Find number of occurrences of substring

Question

I have a small problem. I'm solving one programming task, but have a problem with it. It is simple one, but time limit make it a bit harder.

Find number of occurrences of substring. You will be given M - length of substring; substring to find, N - length of base string; base string.
M <= 100 000
N<= 200 000

Input

10
budsvabbud
79
uaahskuskamikrofonubudsvabbudnebudlabutkspkspkspmusimriesitbudsvabbudsvabbudnel

Output
3

I tried to use using build-in function find,but it wasn't fast enough:

#include<iostream>
#include<string>

using namespace std;

int main()
{
    int n;
    int occurrences = 0;
    string::size_type start = 0;
    string base_string, to_find;
    cin >> n >> to_find >> n >> base_string;
    while ((start = base_string.find(to_find, start)) != string::npos) {
        ++occurrences;
        start++;; // see the note
    }
    cout << occurrences << endl;
}

So I tried to write my own function, but it was even slower:

#include<iostream>
#include<cstdio>
#include<string>
#include<queue>

using namespace std;

int main()
{
    int n, m;
    string to_find;
    queue<int> rada;  
    int occurrences = 0;
    cin >> m >> to_find >> n;
    for (int i = 0; i < n; i++)
    {
        char c;
        scanf(" %c", &c);
        int max = rada.size();
        for (int j = 0; j < max; j++)
        {
            int index = rada.front();
            rada.pop();
            if (c == to_find[index])  
            {
                if (++index == m) {
                    occurrences++;
                }
                else
                    rada.push(index);
            }
        }
        if (c == to_find[0])
        {
            if (1 == m)
                n++;
            else
                rada.push(1);
        }
    }
    cout << occurrences << endl;

}

I know some people did this in 0 ms, but my first code needs more than 2000 ms and the second one a lot more than that. Have you any ideas how to solve this? Thanks.

EDIT: Limits of length:

M <= 100 000 - length of substring

N<= 200 000 - lenght of base string

@HumamHelfawi Sorry, I forgot to write it. I will edit my question. — Jozef Bugoš, Dec 14 '15 at 14:21
Have you enabled optimization? Do you really mean 2000 milliseconds - I'd be surprised at even a debug build taking that long. — Martin Bonner supports Monica, Dec 14 '15 at 14:25
For fast searching in large files, something like Boyer-Moore is probably an order of magnitude (or more) faster - but it's not likely to be worth it for 79 characters. — Martin Bonner supports Monica, Dec 14 '15 at 14:26
Yeah, I mean 2000 milliseconds. But not for input I gave as example. There could be input with length 200 000. — Jozef Bugoš, Dec 14 '15 at 14:30
Aahh. Boyer-Moore *is* going to be worth it for 200K characters - but I don't know if it works well for such huge search strings — Martin Bonner supports Monica, Dec 14 '15 at 14:32
It might be worth doing a Boyer-Moore search for the first 1000 characters, and then a brute-force comparison for the rest. — Martin Bonner supports Monica, Dec 14 '15 at 14:33

score 2 · Accepted Answer · answered Dec 14 '15 at 15:03

2

The algorithm you presented is an O(M*N), where N is the length of the text and M is the length of the searched world. Usually, also the libraries implement the naive algorithm. However, there is an algorithm by Knuth, Morrison and Pratt, which does it in a O(M+N) time. See, e.g., Wikipedia Knuth-Morrison-Pratt Algorithm. It has some variations which might be easier to implement like Boyer-Moore-Horsepool.

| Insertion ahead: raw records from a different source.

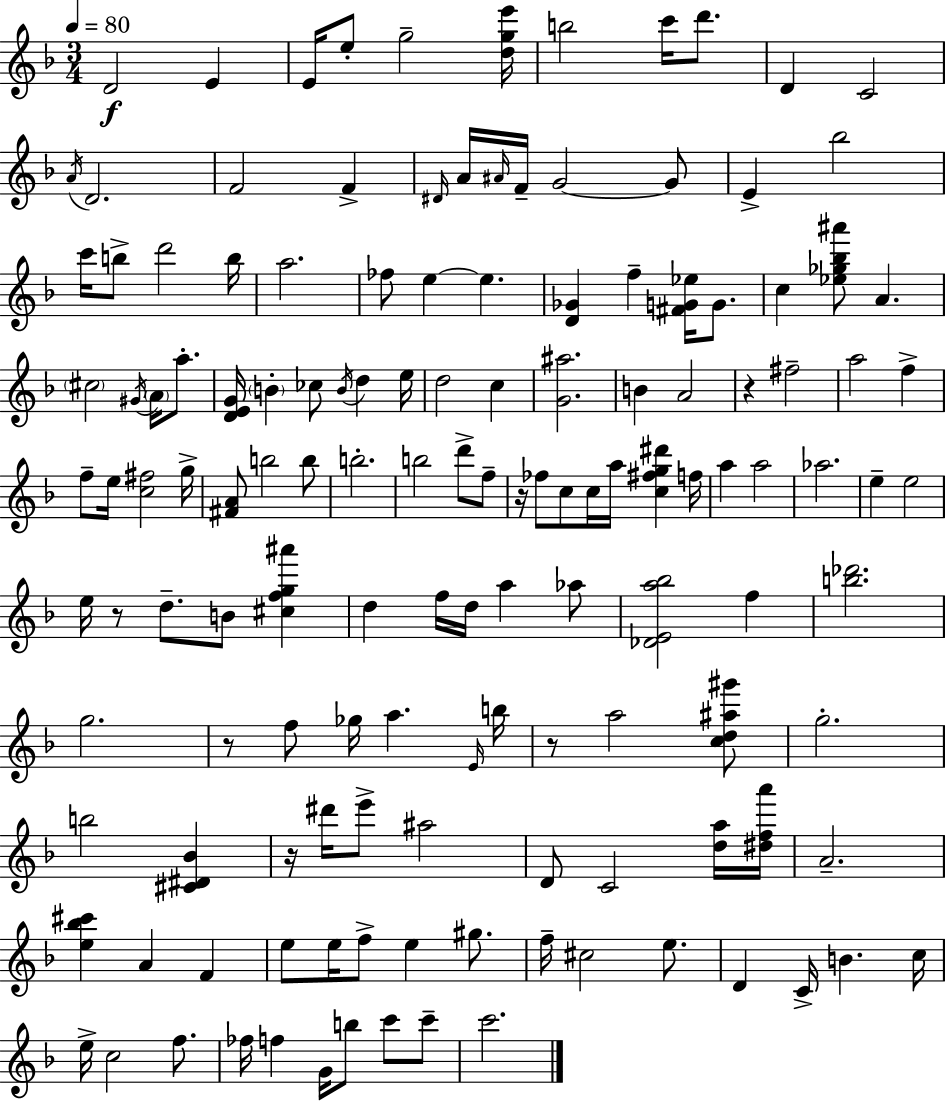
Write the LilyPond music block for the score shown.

{
  \clef treble
  \numericTimeSignature
  \time 3/4
  \key d \minor
  \tempo 4 = 80
  \repeat volta 2 { d'2\f e'4 | e'16 e''8-. g''2-- <d'' g'' e'''>16 | b''2 c'''16 d'''8. | d'4 c'2 | \break \acciaccatura { a'16 } d'2. | f'2 f'4-> | \grace { dis'16 } a'16 \grace { ais'16 } f'16-- g'2~~ | g'8 e'4-> bes''2 | \break c'''16 b''8-> d'''2 | b''16 a''2. | fes''8 e''4~~ e''4. | <d' ges'>4 f''4-- <fis' g' ees''>16 | \break g'8. c''4 <ees'' ges'' bes'' ais'''>8 a'4. | \parenthesize cis''2 \acciaccatura { gis'16 } | \parenthesize a'16 a''8.-. <d' e' g'>16 \parenthesize b'4-. ces''8 \acciaccatura { b'16 } | d''4 e''16 d''2 | \break c''4 <g' ais''>2. | b'4 a'2 | r4 fis''2-- | a''2 | \break f''4-> f''8-- e''16 <c'' fis''>2 | g''16-> <fis' a'>8 b''2 | b''8 b''2.-. | b''2 | \break d'''8-> f''8-- r16 fes''8 c''8 c''16 a''16 | <c'' fis'' g'' dis'''>4 f''16 a''4 a''2 | aes''2. | e''4-- e''2 | \break e''16 r8 d''8.-- b'8 | <cis'' f'' g'' ais'''>4 d''4 f''16 d''16 a''4 | aes''8 <des' e' a'' bes''>2 | f''4 <b'' des'''>2. | \break g''2. | r8 f''8 ges''16 a''4. | \grace { e'16 } b''16 r8 a''2 | <c'' d'' ais'' gis'''>8 g''2.-. | \break b''2 | <cis' dis' bes'>4 r16 dis'''16 e'''8-> ais''2 | d'8 c'2 | <d'' a''>16 <dis'' f'' a'''>16 a'2.-- | \break <e'' bes'' cis'''>4 a'4 | f'4 e''8 e''16 f''8-> e''4 | gis''8. f''16-- cis''2 | e''8. d'4 c'16-> b'4. | \break c''16 e''16-> c''2 | f''8. fes''16 f''4 g'16 | b''8 c'''8 c'''8-- c'''2. | } \bar "|."
}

answered Dec 14 '15 at 15:03

Ari Hietanen

1,749
13
15

This. If the string you're searching in is 200k of `aaaa...` and the string you're searching for is 100k of `aaaa...b` (99999 a's then 1 b) then the complexity of your search is going to be 200000 * 100000 which is huge. This is because, using any naive implementation, you'll try to match your search string at position 1, then matching 99999 a's then fail to match a b. You then move to position 2 and repeart the failure. At each position in the search string you have to do 99999 matches. KMP solves this problem nad has a compexity O(m+n) instead of O(m * n). – Mike Vine Dec 14 '15 at 15:12

Neijwiert · Answer 2 · 2015-12-14T14:59:11.657

Safe version

static size_t findOccurences(const char * const aInput, const char * const aDelim)
{
    if (aInput == 0x0 || aDelim == 0x0)
    {
        throw std::runtime_error("Argument(s) null");
    }

    const size_t inputLength = strlen(aInput);
    const size_t delimLength = strlen(aDelim);

    size_t result = 0;

    if (delimLength <= inputLength && delimLength > 0)
    {
        size_t delimIndex = 0;

        for (size_t inputIndex = 0; inputIndex < inputLength; inputIndex++)
        {
            if (aInput[inputIndex] != aDelim[delimIndex])
            {
                delimIndex = 0;
            }
            else
            {
                delimIndex++;

                if (delimIndex == delimLength)
                {
                    delimIndex = 0;
                    result++;
                }
            }
        }
    }

    return result;
}

Unsafe version

static size_t unsafeFindOccurences(const char * const aInput, const char * const aDelim)
{
    const size_t inputLength = strlen(aInput);
    const size_t delimLength = strlen(aDelim);

    size_t result = 0;
    size_t delimIndex = 0;

    for (size_t inputIndex = 0; inputIndex < inputLength; inputIndex++)
    {
        if (aInput[inputIndex] != aDelim[delimIndex])
        {
            delimIndex = 0;
        }
        else
        {
            delimIndex++;

            if (delimIndex == delimLength)
            {
                delimIndex = 0;
                result++;
            }
        }
    }

    return result;
}

Results safe

          x86        x64
Debug     5501ms     5813ms
Release   3889ms     3998ms

Results unsafe

          x86        x64
Debug     5442ms     5564ms
Release   3074ms     3139ms

Compiled with Visual Studio 2015, Visual Studio 2015 (v140) toolset under Windows 10 x64 Pro.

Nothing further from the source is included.